AccessFilterPlugin's have one of the simplest APIs in MagicStats:

class {classname} : public PluginTemplate<AccessFilterPlugin,{classname}> {
public:
  {classname}(int &CreateError);
  static unsigned int GetCurrentVersion();
  static const char *GetPluginName();
  // Override this method if your AccessFilter takes arguments...
  virtual int Initialize(const VTListExp *Params);
  // The Filter method does the actual filtering for each Access.  If it 
  //   returns a true value, the access is discarded.
  virtual int FilterAccess(AccessFormatPlugin &A);
};

Example AccessFilterPlugin:

...because it is so short, here is a complete example of an AccessFilterPlugin (the UnescapeURL plugin):
//  AFUnEscapeURL Class:
//
//    This class provides the UnescapeURL plugin that is used to remove the 
//  escape codes from the URL that the browser references.
//
class AFUnEscapeURL : public PluginTemplate<AccessFilterPlugin,AFUnEscapeURL> {
public:
  inline AFUnEscapeURL(int &CE) { CE = 0; }
  inline static unsigned int GetCurrentVersion() {
    return 100;                       // Version 1.00
  }
  inline static const char *GetPluginName() {
    return "UnEscapeURL";
  }
  // The Filter method does the actual filtering for each Access.  If it 
  //   returns a true value, the access is discarded.
  virtual int FilterAccess(AccessFormatPlugin &A) {
    String &URL = A.GetURL();
    int i, j = 0, Len = URL.Length();
    for (i = 0; i < Len; i++) {
      if (URL[i] == '%') {
        URL[i] = 16*String::Hex2Int(URL[i+1]) + String::Hex2Int(URL[i+2]);
        i += 2;
      } else if (URL[i] == '+') {
        URL[j] = ' ';
      } else {
        URL[j] = URL[i];
      }
      j++;
    }
    URL.Left(j);   // Trim URL to shortened length...
    return 0;
  }
};
INIT_PLUGIN(AFUnEscapeURL);
//
// End of plugin
Although simple, this plugin illustrates a number of important points of the plugin system. Lets run through how it works...

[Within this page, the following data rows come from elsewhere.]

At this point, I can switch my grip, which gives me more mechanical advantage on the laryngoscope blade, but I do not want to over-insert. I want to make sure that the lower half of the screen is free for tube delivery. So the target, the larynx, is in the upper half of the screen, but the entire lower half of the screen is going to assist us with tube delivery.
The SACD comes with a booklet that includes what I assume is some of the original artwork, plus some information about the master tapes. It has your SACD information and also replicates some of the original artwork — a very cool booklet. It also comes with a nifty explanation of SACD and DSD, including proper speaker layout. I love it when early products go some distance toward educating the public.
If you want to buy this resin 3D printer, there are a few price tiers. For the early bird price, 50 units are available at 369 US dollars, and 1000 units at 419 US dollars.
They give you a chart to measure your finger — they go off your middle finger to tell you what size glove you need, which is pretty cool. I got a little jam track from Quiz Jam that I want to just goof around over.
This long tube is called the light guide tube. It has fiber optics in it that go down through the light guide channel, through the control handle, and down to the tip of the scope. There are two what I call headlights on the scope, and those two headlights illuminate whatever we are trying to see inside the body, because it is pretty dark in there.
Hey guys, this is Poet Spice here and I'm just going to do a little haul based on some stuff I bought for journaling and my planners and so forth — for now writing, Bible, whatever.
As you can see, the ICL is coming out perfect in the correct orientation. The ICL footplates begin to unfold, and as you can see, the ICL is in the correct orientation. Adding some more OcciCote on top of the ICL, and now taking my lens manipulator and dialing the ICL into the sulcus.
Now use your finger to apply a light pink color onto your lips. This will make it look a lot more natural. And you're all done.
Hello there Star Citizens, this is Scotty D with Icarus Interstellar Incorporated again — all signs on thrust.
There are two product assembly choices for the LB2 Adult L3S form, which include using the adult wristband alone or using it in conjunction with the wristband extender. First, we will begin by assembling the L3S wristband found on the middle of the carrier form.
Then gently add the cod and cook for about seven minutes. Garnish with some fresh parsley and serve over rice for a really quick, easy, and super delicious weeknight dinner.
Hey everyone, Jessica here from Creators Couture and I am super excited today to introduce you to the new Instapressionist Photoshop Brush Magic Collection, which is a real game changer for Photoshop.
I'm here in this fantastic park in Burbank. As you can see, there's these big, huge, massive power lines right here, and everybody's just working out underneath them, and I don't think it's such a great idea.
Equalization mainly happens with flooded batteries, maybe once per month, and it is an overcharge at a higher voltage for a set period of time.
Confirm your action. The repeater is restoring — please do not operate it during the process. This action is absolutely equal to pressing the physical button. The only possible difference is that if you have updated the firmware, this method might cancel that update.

The constructor is a really simple function that has no state to initialize. Because it can't fail, it simply sets the CreateError argument to false, to indicate that an error has not occurred.

The GetCurrentVersion method simply returns the constant version number. In this case, 100, which represents version 1.00.

The GetPluginName method returns the name of the plugin. This too is a constant, which it simply returns.

The FilterAccess method does the all of the hard work. It actually goes through scanning for '%' characters (which are mapped to the character specified in hex numbers after it) and '+' characters (which are mapped to spaces)... transforming the URL in place. When the end of the string is reached, the result string is truncated, because it is now strictly ≤ its original length.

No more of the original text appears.